▸ **Activity**
For the material below, reproduce exactly each line from the one that has "Segmentation can be" through the one that has "In this video", and no others; pictures stay out.

▸ **Records**
=== Section Start ===
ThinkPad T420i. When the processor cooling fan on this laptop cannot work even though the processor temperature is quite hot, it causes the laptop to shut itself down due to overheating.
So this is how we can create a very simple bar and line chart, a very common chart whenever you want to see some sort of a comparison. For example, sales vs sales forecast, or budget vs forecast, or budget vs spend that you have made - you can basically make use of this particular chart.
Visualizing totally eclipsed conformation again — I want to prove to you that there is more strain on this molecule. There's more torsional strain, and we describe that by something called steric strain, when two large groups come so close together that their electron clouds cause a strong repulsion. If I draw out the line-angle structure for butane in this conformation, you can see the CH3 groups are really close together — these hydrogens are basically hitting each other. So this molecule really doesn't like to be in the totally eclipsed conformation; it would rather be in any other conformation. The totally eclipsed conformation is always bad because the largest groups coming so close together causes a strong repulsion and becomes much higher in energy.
=== Section End ===
=== Section Start ===
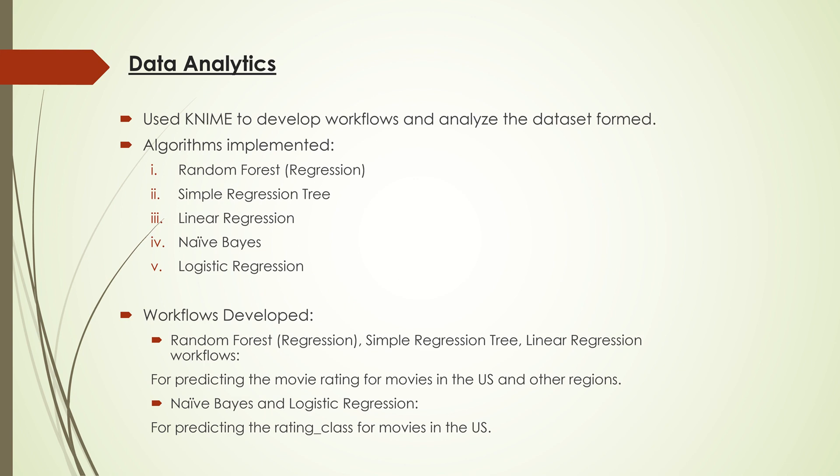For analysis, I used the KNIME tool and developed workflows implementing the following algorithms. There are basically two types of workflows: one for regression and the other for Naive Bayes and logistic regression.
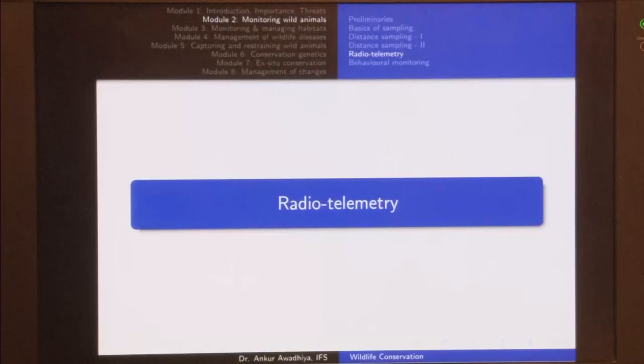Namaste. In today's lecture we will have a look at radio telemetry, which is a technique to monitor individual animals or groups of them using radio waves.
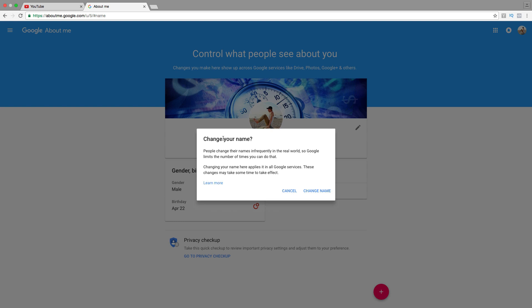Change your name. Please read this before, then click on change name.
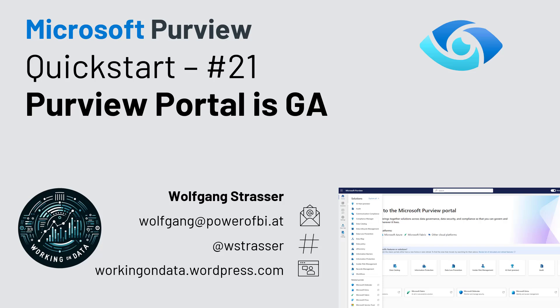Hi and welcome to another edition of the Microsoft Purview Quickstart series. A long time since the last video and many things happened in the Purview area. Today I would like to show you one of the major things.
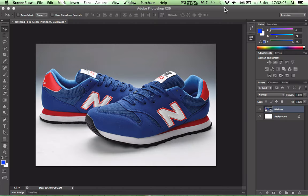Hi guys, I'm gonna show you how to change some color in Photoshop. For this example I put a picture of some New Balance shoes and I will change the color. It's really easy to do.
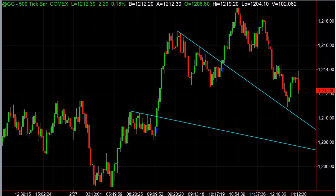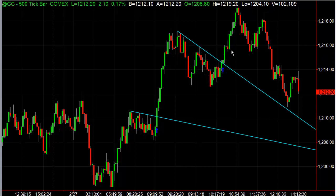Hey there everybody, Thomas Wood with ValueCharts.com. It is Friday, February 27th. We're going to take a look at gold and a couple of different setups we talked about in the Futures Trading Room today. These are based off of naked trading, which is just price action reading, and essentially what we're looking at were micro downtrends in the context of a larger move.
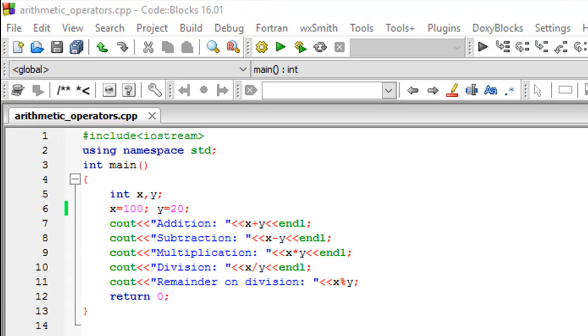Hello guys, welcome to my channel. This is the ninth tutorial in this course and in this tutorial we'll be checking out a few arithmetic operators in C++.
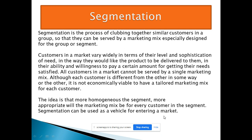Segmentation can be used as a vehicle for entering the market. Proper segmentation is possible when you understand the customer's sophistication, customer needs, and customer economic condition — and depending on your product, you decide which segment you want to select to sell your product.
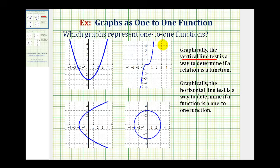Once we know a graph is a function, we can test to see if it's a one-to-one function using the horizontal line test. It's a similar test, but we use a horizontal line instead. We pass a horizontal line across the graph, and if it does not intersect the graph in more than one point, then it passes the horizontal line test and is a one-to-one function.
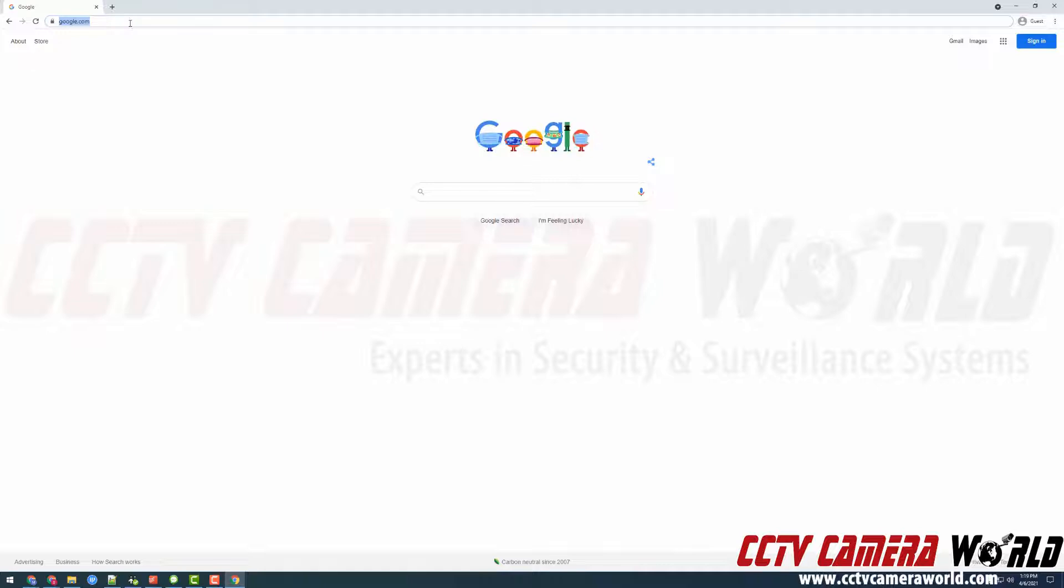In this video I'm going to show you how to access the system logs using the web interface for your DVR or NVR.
=== Section End ===
▸ **Completed exercise**
Segmentation can be used as a vehicle for entering the market. Proper segmentation is possible when you understand the customer's sophistication, customer needs, and customer economic condition — and depending on your product, you decide which segment you want to select to sell your product.
Once we know a graph is a function, we can test to see if it's a one-to-one function using the horizontal line test. It's a similar test, but we use a horizontal line instead. We pass a horizontal line across the graph, and if it does not intersect the graph in more than one point, then it passes the horizontal line test and is a one-to-one function.
In this video I'm going to show you how to access the system logs using the web interface for your DVR or NVR.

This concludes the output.